En application de l’art. L. 4221-18 du code de la santé publique, Mme A ayant été entendue à la direction départementale des affaires sanitaires et sociales, sans que sa situation ne soit modifiée, a introduit une procédure de référé au tribunal administratif. Cette procédure donna lieu à une ordonnance de rejet le 9 août 2007 — ANNEXE V – motivée par le fait que Mme A pouvant faire procéder à son remplacement, la décision attaquée ne portait pas atteinte, de manière générale, à ses intérêts, et que donc, les conditions d’urgence n’étaient pas réunies pour que le juge des référés suspende l’arrêté préfectoral pris à son encontre. Cette décision fut confirmée par la suite par le Conseil d’Etat. Saisi d’une seconde requête en référé à l’encontre de l’arrêté préfectoral du 20 juillet 2007, pour absence de motivation suffisante, le juge rejeta, le 15 novembre 2007, cette nouvelle requête — ANNEXE VI.

De son côté, le Conseil régional de l’Ordre des pharmaciens de Franche-Comté avait décidé, dès le 6 septembre 2007, que c’était, à juste titre, que le préfet du … avait pris, à l’égard de Mme A, cette mesure de suspension temporaire — ANNEXE VII.
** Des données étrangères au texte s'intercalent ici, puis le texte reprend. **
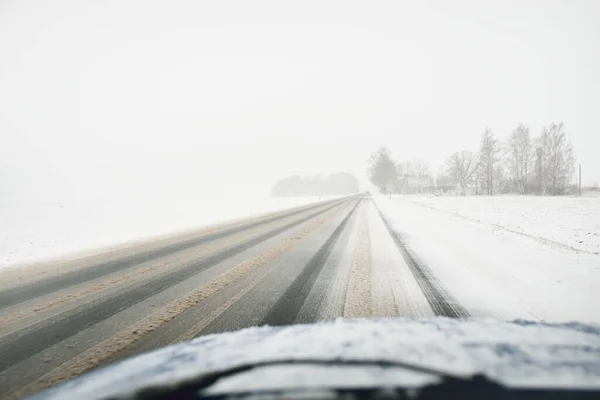 Empty Highway Asphalt Road Snow Covered Forest Fields Rural Area — 스톡 사진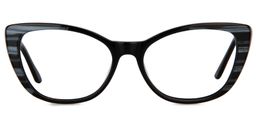 Teresa Striped Cat Eye Glasses0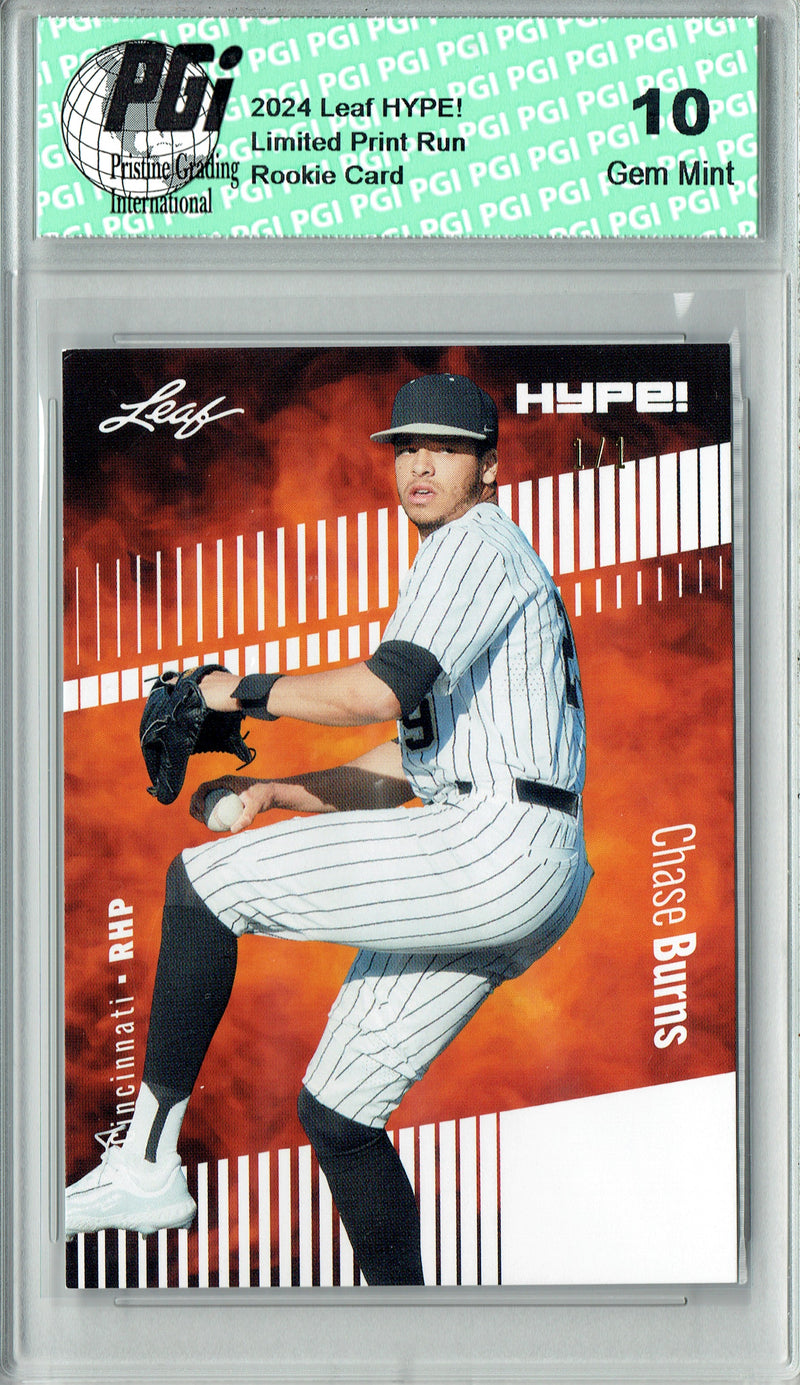 Chase Burns 2024 Leaf HYPE! #141 White Blank Back 1/1 Rookie Card PGI 10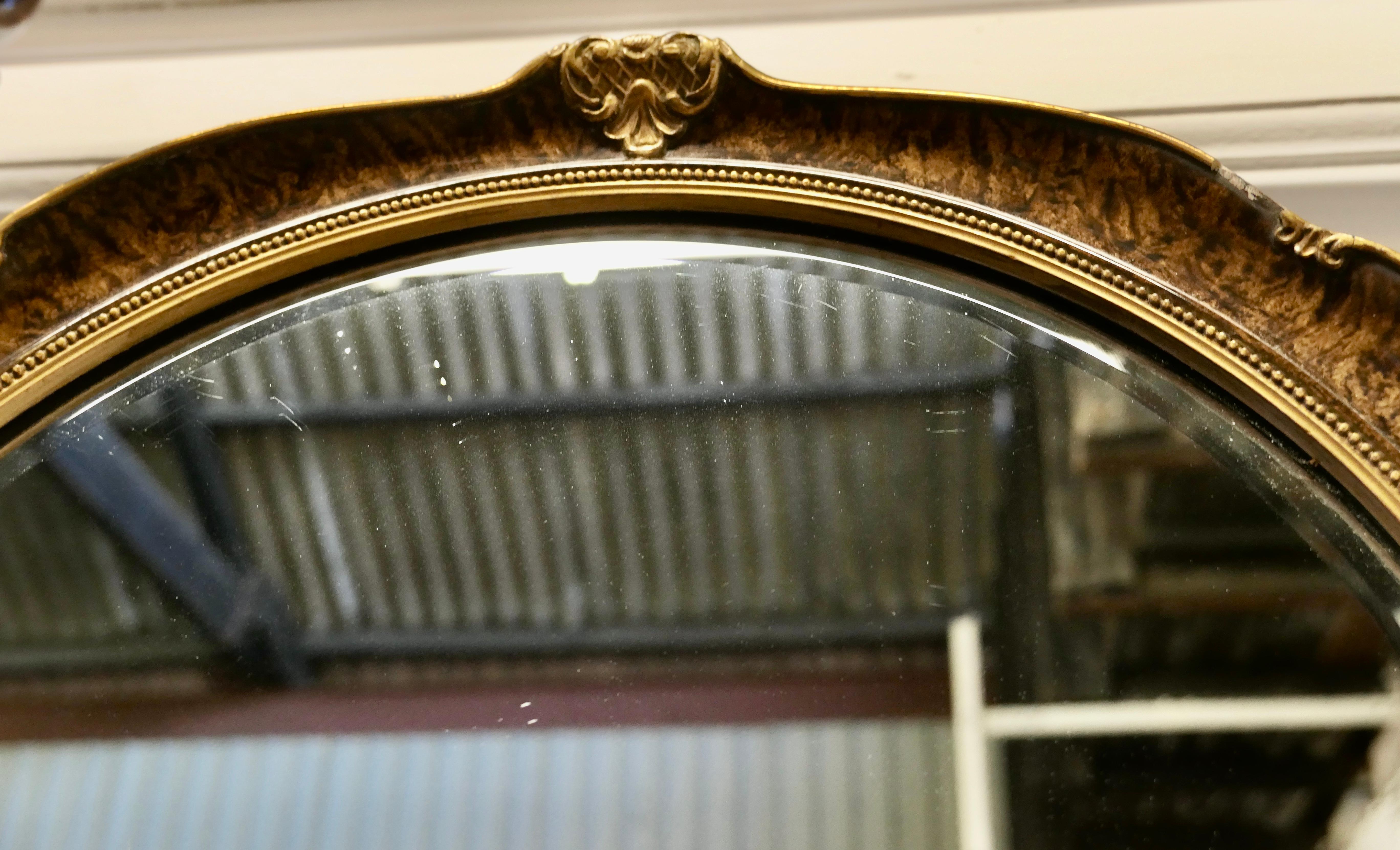 Gesso Scumble Finish Oval Mirror For Sale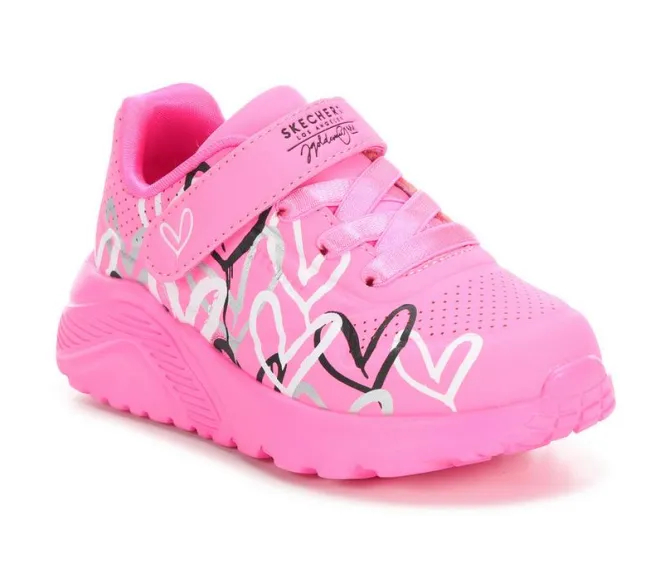 Girls' Skechers Street Toddler Uno Lite Heart Sneakers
III — PROCEDURE DISCIPLINAIRE DE PREMIERE INSTANCE :
Le conseiller rapporteur désigné a entendu M. B le 7 août 2007 et Mme A le 1er octobre 2007.
Son rapport figure en ANNEXE VIII.
Dans un mémoire en défense daté du 2 octobre 2007 — ANNEXE IX — Me FALLOURD, conseil de Mme A, fait observer, à titre liminaire, que la plainte contre sa cliente repose, d’une part, sur les constatations faites par l’inspecteur au sein de l’officine, et d’autre part, sur l’ensemble des « accusations » portées par M. B, résultant soit de courriers, soit de procèsverbaux qui n’ont pas été portés à la connaissance de Mme A, et, a fortiori, ne lui ont pas été notifiés en annexes de la plainte. Dans ces conditions, Me FALLOURD estime que les droits de la défense n’ont pas été respectés. Sur les griefs proprement dit, Me FALLOURD a soutenu qu’aucune conséquence déontologique ne pouvait être tirée des conditions dans lesquelles Mme A avait été amenée à formuler un avertissement à M. B ; que celui-ci avait fait une relation des faits inexacte. Que, notamment, Mme A n’avait à aucun moment sollicité l’intervention de son mari ; que les conditions de l’intervention de celui-ci, qui ne l’avaient à aucun moment amené à connaître de données personnelles des clients de l’officine, n’avaient en rien conduit à la violation des dispositions de l’art. R. 4235-5 du code de la santé publique relatives au secret professionnel, non plus qu’à la méconnaissance du devoir de confidentialité ;
- que l’infraction à l’obligation d’employer un adjoint à plein temps, ne pouvait être regardée comme constituée, eu égard, d’une part, au paradoxe qui caractérise le statut des étudiants en pharmacie préparant leur thèse, qui était celui de M. B, et d’autre part, à la circonstance que, sauf pour une période de 5 jours, la pharmacie disposait d’un autre pharmacien adjoint ;
- que le grief de ne pas avoir procédé à la définition écrite des attributions du pharmacien adjoint, était véniel, et qu’il y avait été remédié à la suite de l’inspection ;
- que les anomalies de tenue du registre des stupéfiants étaient largement imputables aux négligences de M. B ;
- que le relevé d’une seule omission sur le registre des médicaments dérivés du sang ne suffit pas à caractériser une infraction
- que si des quantités anormales de délivrances de Propofan ® sans ordonnance avaient été constatées, il convenait (le relever qu’un seul patient était concerné ;
- que dans un premier temps, les doses avaient pu être recoupées avec les prescriptions du médecin traitant
- que ce patient était très suivi médicalement et que, notamment, ses analyses n’avaient jamais révélé de troubles métaboliques.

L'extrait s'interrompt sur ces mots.